Take the FPPH rebel group composed of the Congolese Hutu community; AFRC led by Charles Bakande, a former member of the Mai-Mai militia that has drawn support from the Nande community and runs extortion rackets along the southern shore of Lake Edward, taxing lucrative fishing camps; and Mazembe-Apasiko led by David Kiboko, the grandchild of Fabien Mudoghu—the former leader of the Front de Résistance Populaire de Lubwe-Rwenzori (FRPL-R), among other rebel groups. It is indeed a complex puzzle, and one that has Kampala in it.

What role is the abundance of minerals in eastern Congo playing in fuelling this conflict?

Empirical and anecdotal evidence suggests a tremendously big role. The San-Francisco Bay area is the bastion of technological advancement and the imaginations propelled by artificial intelligence. The far-flung eastern DRC is home to the raw ‘fuel’ dug from the bowels of the earth that powers planes and electric cars.

The electronics industry largely depends on minerals such as coltan, cobalt, tungsten, wolfram, cassiterite, gold and diamonds, which lie in abundance in the restive eastern DRC. Research shows that the belligerents partly finance their activities from the sale of gold, wolframite, coltan and cassiterite.

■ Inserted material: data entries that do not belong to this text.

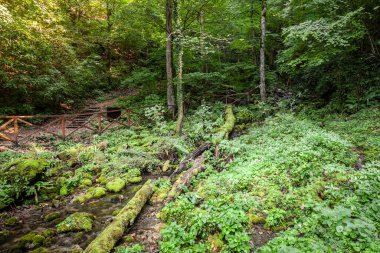 Jankovac, Papuk, Hırvatistan 'da Yosun Kaplama Deresi ve Ahşap Çitli Bereketli Orman Bölgesi - Yoğun Bitki ve Ağaçlarla çevrili Manzara Doğa Patikası, Hiking ve Eko-Turizm Maceraları İçin İdeal.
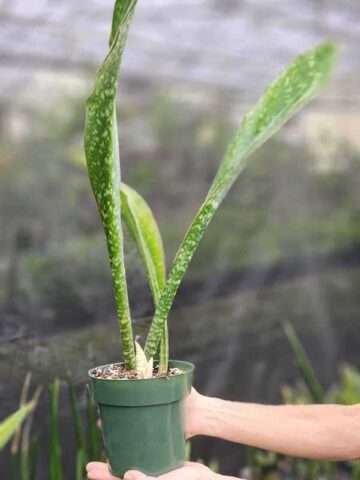 XL Mottled Canoe-Like Horwoodii Snake Plant (sansevieria)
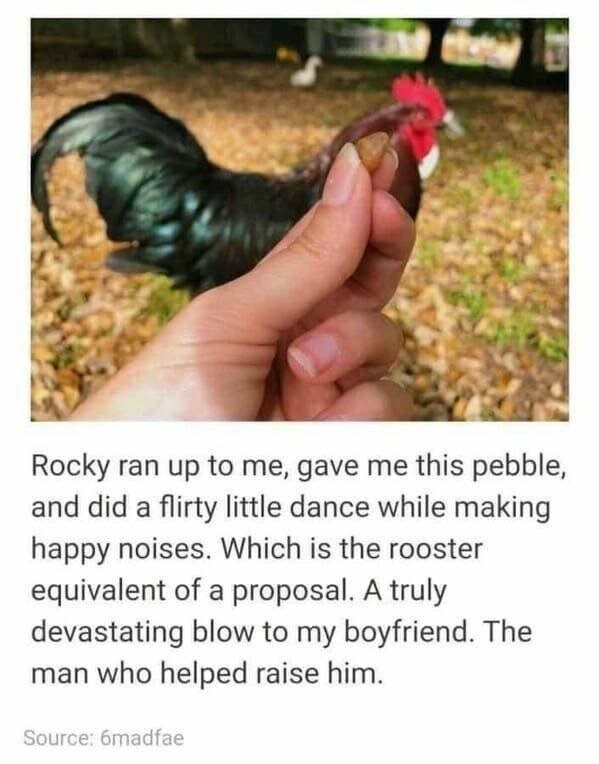Memes With Animals (23 pics)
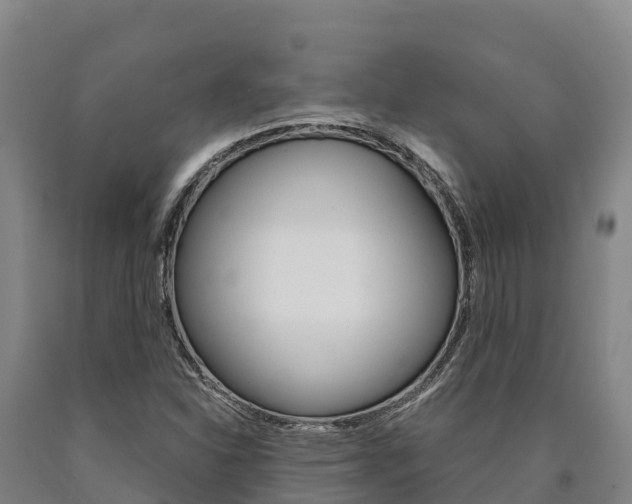 X0000090921310200707301045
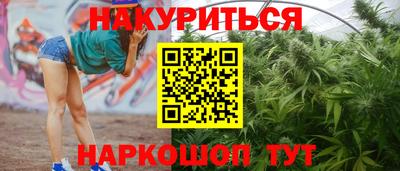 стафф Будённовск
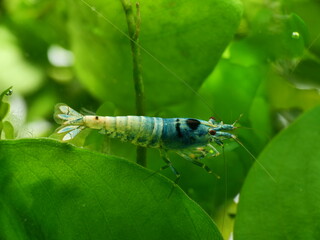 Schöne Caridina Garnelen im Aquarium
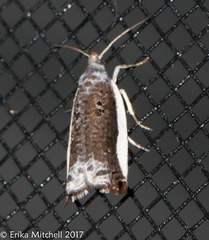 Ancylis albacostana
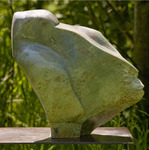 wish I could fly ....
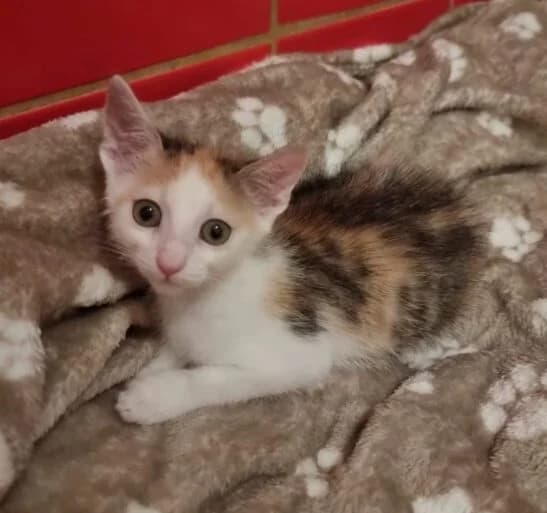 Calypso,  puppy Mixed Breed for adoption at Ankerhunde e.V., Novi Grad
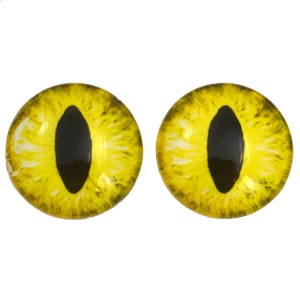 May include: Two yellow cat eyes with black pupils. The eyes are round and have a realistic look.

Kinshasa is expected to be part of the Fourth Industrial Revolution conversation headlined by artificial intelligence, robotics, the Internet of Things, 3D printing, genetic engineering, quantum computing, and other technologies. This owes to the fact that its expansive minerals portfolio will essentially fuel the Fourth Industrial Revolution. The cobalt that it produces at an unprecedented scale is used in the manufacture of batteries. Its copper reserves—eclipsed worldwide by only half a dozen countries—and a little over 130 million tonnes of Lithium deposits will doubtless be used to produce key components in electric cars, computers, and renewable energy sources.

Military intervention

Can the East African Regional Force help pacify eastern Congo?

The Eastern African Standby Force is largely a paper-tiger. Beyond its officialdom profile as one of the five regional multidimensional forces of the African Standby Force to provide capability for rapid deployment of forces to carry out preventive deployment, rapid intervention, peace support/stability operations and peace enforcement, little is known about its command structure and competence.

There are fears that the contradictions within member states, which are burbling below the radar, may come to surface and affect such deployments.


In 2012, the UN Security Council’s Group of Experts said in a confidential report that Rwanda and Uganda—despite their denials—continued to support M23 rebels in their fight against the Congolese government troops in North Kivu province.